Saturday, 10 February 2018

Fritjof Capra - an essay from the Sutra Journal which he entitles "The relationship between science and spirituality".

"While scientists try to explain natural phenomena, the purpose of a spiritual discipline is not to provide a description of the world. Its purpose, rather, is to facilitate experiences that will change a person’s self and way of life. However, in the interpretations of their experiences mystics and spiritual teachers are often led to also make statements about the nature of reality, causal relationships, the nature of human consciousness, and the like. This allows us to compare their descriptions of reality with corresponding descriptions by scientists.In these spiritual traditions – for example, in the various schools of Buddhism – the mystical experience is always primary; its descriptions and interpretations are considered secondary and tentative, insufficient to fully describe the spiritual experience. In a way, these descriptions are not unlike the limited and approximate models in science, which are always subject to further modifications and improvements.
In the history of Christianity, by contrast, theological statements about the nature of the world, or about human nature, were often considered as literal truths, and any attempt to question or modify them was deemed heretical. This rigid position of the Church led to the well-known conflicts between science and fundamentalist Christianity, which have continued to the present day. In these conflicts, antagonistic positions are often taken on by fundamentalists on both sides who fail to keep in mind the limited and approximate nature of all scientific theories, on the one hand, and the metaphorical and symbolic nature of the language in religious scriptures, on the other. In recent years, such fundamentalist debates have become especially problematic around the concept of a creator God.
(my underlinings)


 
 Creativity and Diversity on an unknowable scale; and You as source of All.

However far apart the "worlds" (by which I mean "languages") of science, art and "religion" (I hate this word!) may seem, the truth is singular and all-encompassing. It is a truth unattainable except when we come to You and discover there poverty and simplicity - a steadfast refusal to judge, a determined refusal to limit, and a firm childlike faith: the ultimate gifts of the spirit.
And we need not wring our hands and say, "but where do I get poverty, simplicity, faith and humility from in the first place?" As I say, listen and the gifts will come.

Thursday, 1 February 2018

From an article in The Tablet on 20th January 2018
"Unity isn't something we create, it's something we discover: we are already one in Christ."
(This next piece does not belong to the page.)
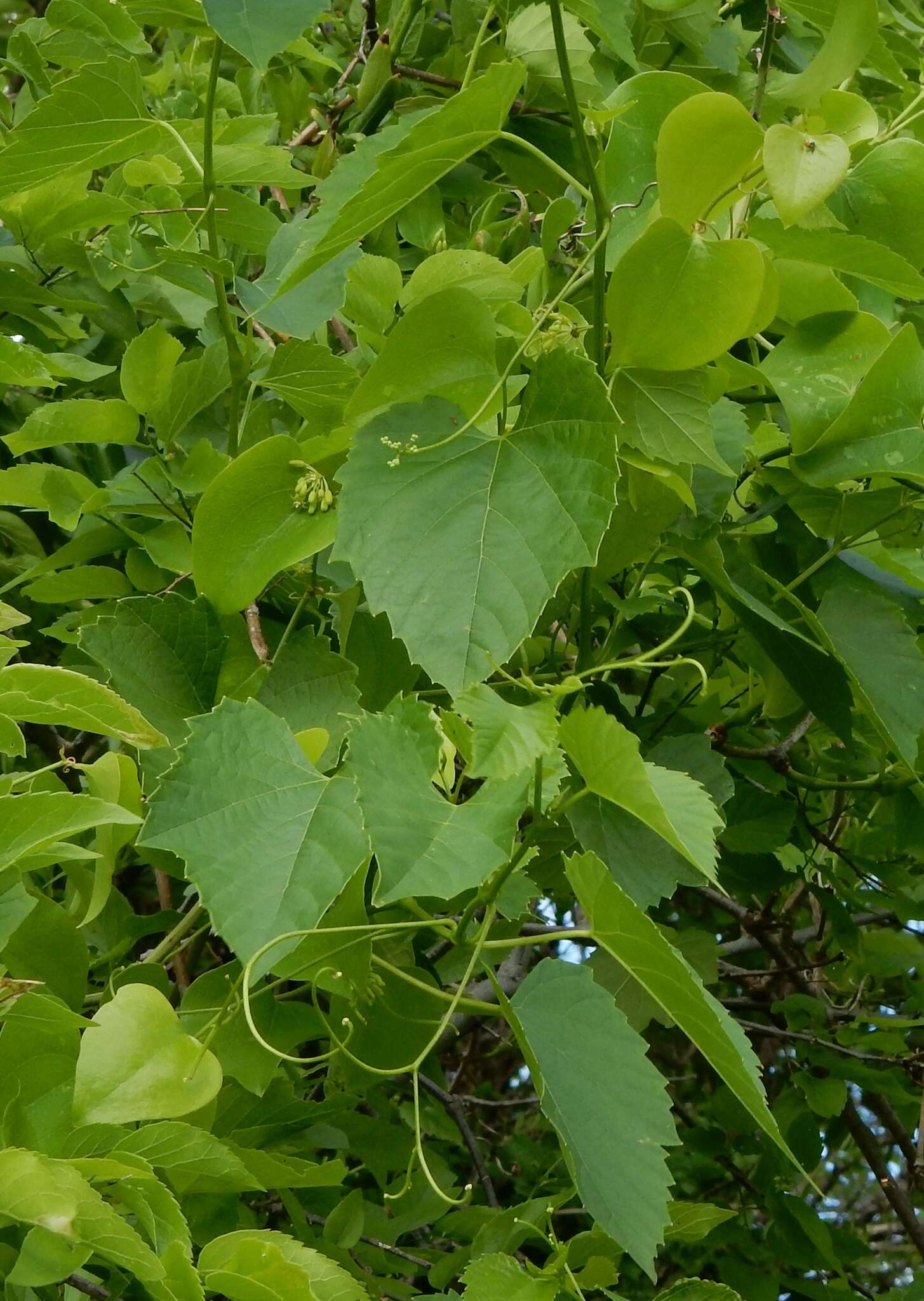 Image of heartleaf peppervine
The truth is out there: but it's hidden from all of us: beginner pianists attempting a Mozart concerto.  

Sunday, 21 January 2018

from Tillich's wikipedia entry

Tillich states, sympathetically, that the God of "theological theism"

"deprives me of my subjectivity because he is all-powerful and all-knowing. I revolt and make him into an object, but the revolt fails and becomes desperate. God appears as the invincible tyrant, the being in contrast with whom all other beings are without freedom and subjectivity. He is equated with the recent tyrants who with the help of terror try to transform everything into a mere object, a thing among things, a cog in a machine they control. He becomes the model of everything against which Existentialism revolted. This is the God Nietzsche said had to be killed because nobody can tolerate being made into a mere object of absolute knowledge and absolute control. This is the deepest root of atheism. It is an atheism which is justified as the reaction against theological theism and its disturbing implications."
Isn't this the the God of Dawkins and Hitchens?
You can never be summed up, understood, grasped, or analysed. Prayer surely has to be a constant letting go of all theory, concept and vision: aiming always to seek to allow You to be who, what and where You really are.